Maybe I'm not thinking of the right data structure. My supervisor tried to explain it to me, saying that the merge statement would create missings for values that aren't equal on both datasets.

Can someone fill me in? Thanks's in advance!

art297 · Posted 12-05-2017 05:39 PM

Given what you now want, your code is far too complex. To get the desired result you only need:

data desired;
  merge A B;
  by id ref_var;
run;

Art, CEO, AnalystFinder.com

View solution in original post

art297 · Posted 12-04-2017 09:06 PM

Since you don't have a variable called weight, that code wouldn't run. Your supervisor may have been suggesting something like:

data differences;
  merge sheet1 (rename=(weight1=weight) in=a) 
        sheet2 (rename=(weight2=weight) in=b);
  by id weight;
  if a and not b;
run;

Art, CEO, AnalystFinder.com

Iona · Posted 12-04-2017 09:19 PM

Hi Art,

thanks for your reply! In my version the data sets would have weight1 and weight 2, and in the supervisor's version only weight. Sorry for the confusion! I was just concentrating on the merge question and on how a merge can return different values, only.

I was wondering about the if a and not b statement, too, but she uses only "if a", like in the example. It's a direct copy of what she did.

mkeintz · Posted 12-04-2017 09:30 PM

If you have other variables exclusively in sheet1 (say x1 y1), and you performed the merge as you presented, then for cases where the BY-variables ID and WEIGHT appear only in sheet2, you would indeed have missing values assigned to X1 and Y1 in the output. For other cases, in which ID and WEIGHT appear in both sheets, you would get the original values found in sheet1. Perhaps that is what your supervisor is referring to.

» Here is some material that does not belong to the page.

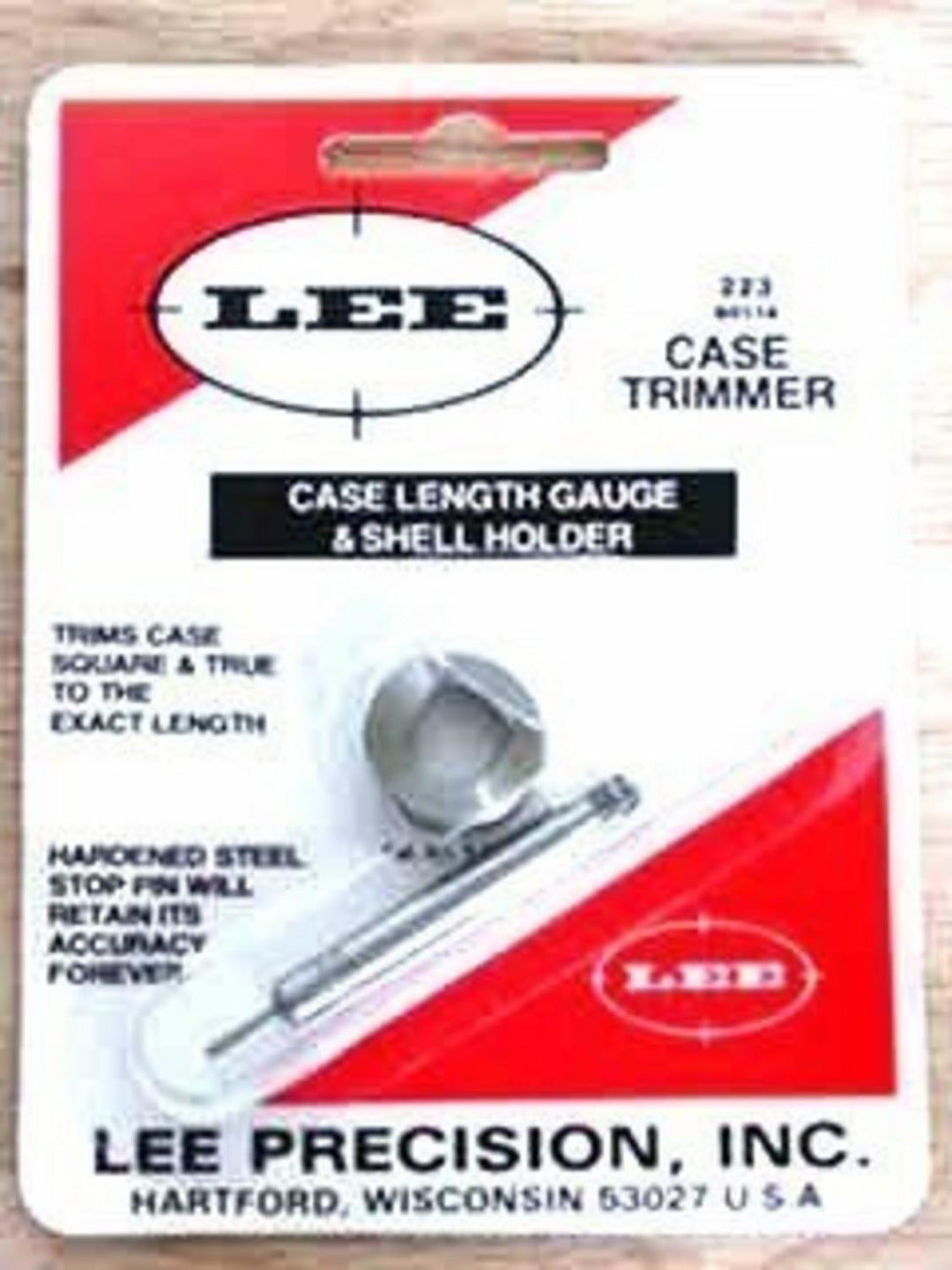 Lee Precision 223 Remington Case Length Gauge and Shell Holder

--------------------------
The hash OUTPUT method will overwrite a SAS data set, but not append. That can be costly. Consider voting for Add a HASH object method which would append a hash object to an existing SAS data set

Would enabling PROC SORT to simultaneously output multiple datasets be useful? Then vote for
Allow PROC SORT to output multiple datasets

--------------------------

Reeza · Posted 12-04-2017 10:45 PM

Your question and the 'supervisor' answer don't appear to align. So either you're misunderstanding the question or her answer.

@Iona wrote:

Hi!

So I have this problem (using sas universtiy):

I am supposed to merge datasets that have two common variables (id and weight) and look for values that are different for one variable (weight).

Say:
Data sheet1;
input id weight1;
datalines;
1 33
2 44
3 55
4 66
5 77
;
run;

Data sheet2;
input id weight2;
datalines;
1 11
2 44
3 55
4 66
5 88
; 
run; 
To identify observations 1 and 5 I would run;
Data differences;
merge sheet1 sheet2;
by id;
run;


Data differences;
set differences;
where weight1 ne weight2;
run; 
Provided they're propperly sorted.

But I am supposed to run this code:
Data differences;
merge sheet1 sheet2 (in =a);
by id weight;
if a;
run; 
And I just don't understand how that's supposed to work. The way I understand it is that the datasets are merged by id and weight for all observations in a and overwriting values that are different with those from sheet2.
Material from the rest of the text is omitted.